Me reí de nuevo y regresé al jardín. Habíamos estado disparando flechas a los globos de luz intermitente. Mi hija lo había hecho bien, había reventado tres globos.

Yo reventé dos y nos quedamos sin globos.

Nos dirigimos a casa y visitamos a mi otra hermana de camino. Nos escondimos en el jardín y dejamos que mi hija llamara a la puerta para sorprenderla.

La puerta se abrió y todo fue muy silencioso e incómodo.

Una chica pelirroja al azar había abierto la puerta, ninguno de nosotros sabía quién era.
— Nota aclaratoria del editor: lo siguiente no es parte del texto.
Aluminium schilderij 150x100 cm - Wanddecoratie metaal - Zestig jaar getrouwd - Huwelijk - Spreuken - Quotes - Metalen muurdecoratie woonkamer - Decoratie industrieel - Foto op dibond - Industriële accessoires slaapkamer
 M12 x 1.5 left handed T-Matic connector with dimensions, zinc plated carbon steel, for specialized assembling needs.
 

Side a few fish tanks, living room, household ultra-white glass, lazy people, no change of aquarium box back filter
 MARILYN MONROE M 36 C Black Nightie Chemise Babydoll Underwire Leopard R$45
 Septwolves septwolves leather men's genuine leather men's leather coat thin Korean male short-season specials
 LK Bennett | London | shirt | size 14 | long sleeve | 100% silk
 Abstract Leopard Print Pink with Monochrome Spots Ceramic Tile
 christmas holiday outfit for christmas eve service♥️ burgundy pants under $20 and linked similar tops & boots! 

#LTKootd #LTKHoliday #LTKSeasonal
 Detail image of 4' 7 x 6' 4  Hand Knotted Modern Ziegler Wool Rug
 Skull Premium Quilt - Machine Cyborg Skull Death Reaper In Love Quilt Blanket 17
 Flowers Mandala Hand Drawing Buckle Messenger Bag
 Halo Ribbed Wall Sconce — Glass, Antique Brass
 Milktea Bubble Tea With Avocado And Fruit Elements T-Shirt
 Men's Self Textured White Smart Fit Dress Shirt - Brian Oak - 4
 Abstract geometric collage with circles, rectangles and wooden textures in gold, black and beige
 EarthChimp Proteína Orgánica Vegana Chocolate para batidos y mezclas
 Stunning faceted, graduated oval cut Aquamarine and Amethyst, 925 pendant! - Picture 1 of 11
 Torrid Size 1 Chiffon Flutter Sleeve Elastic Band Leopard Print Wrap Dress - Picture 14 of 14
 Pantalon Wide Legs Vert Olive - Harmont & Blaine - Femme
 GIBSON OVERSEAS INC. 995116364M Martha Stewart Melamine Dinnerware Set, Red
Fue embarazoso. Nos disculpamos y nos fuimos riendo, preguntándonos quién había sido ella.

“Saluda a mi hermana” -le dije-. Soy su hermano”. Ella estaba paseando a su nervioso perro de rescate.

Fue una de esas noches.

De vuelta en el café, una mujer cristiana me contó una historia sobre un adicto diabético sin hogar con SIDA, al que tuvieron que amputarle una pierna mientras tenía el coronavirus, pero que no había muerto de COVID.

“Uno pensaría —dijo ella— que con sus condiciones subyacentes habría muerto”.